Après avoir rejeté cet ultimatum, le Président charge Dufaure de former le ministère, mais ils entrent en conflit parce que le Président prétend réserver son approbation pour le choix des ministres des Affaires étrangères, de la Guerre et de la Marine, les relations extérieures étant son domaine propre. Dufaure résiste et le maréchal cède, mais quand la liste des ministres lui est présentée il refuse les titulaires des trois ministères en question. C'est la rupture.

Le 7, le Président charge Batbie de former le ministère et une note Havas explique les causes de l'échec de la combinaison Dufaure. Le 8 le Gouvernement assure aux préfets que le Président ne cédera pas. Batbie s'adresse à la majorité du Sénat. En principe, il ne veut pas une seconde dissolution, mais si la Chambre est intransigeante il peut y être contraint. La majorité recule devant une dissolution sans budget voté. On charge le duc d'Audiffret-Pasquier de conseiller au Président de recourir à nouveau à Dufaure.

Le maréchal résiste, mais Batbie ne trouve personne pour les Finances, le conflit budgétaire avec la Chambre faisant reculer Pouyer-Quertier auquel il s'est adressé.

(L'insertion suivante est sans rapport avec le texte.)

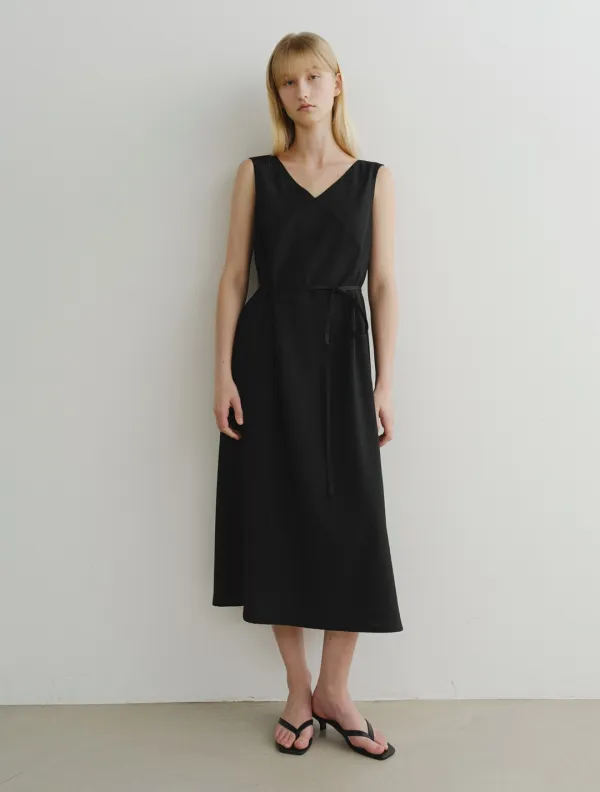 Reef V Neck Dress (Black)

Le 10 le ministère de Rochebouët presse le maréchal d'aboutir. Il n'y a que trois partis : démissionner, céder et faire appel à Dufaure, résister par tous les moyens :[p.502] dissolution, budget non voté décrété, état de siège. Les chefs de corps d'armée sont convoqués à Paris.

Le Président est mis au pied du mur, c'est l'heure de la décision suprême.

A gauche on envisage toutes les éventualités, on songe à transporter la Chambre hors de Paris, on envisage une scission dans l'armée, certains corps semblant dévoués à la majorité. Grévy déconseille les moyens extrêmes. Il ne craint pas le coup d'État.

Le 12 décembre, après une réunion de Batbie et de ses collaborateurs éventuels à l'Élysée, Pouyer-Quertier se dérobe définitivement et conseille de faire appel à Dufaure. Les ministres adjurent à nouveau le Président de se décider.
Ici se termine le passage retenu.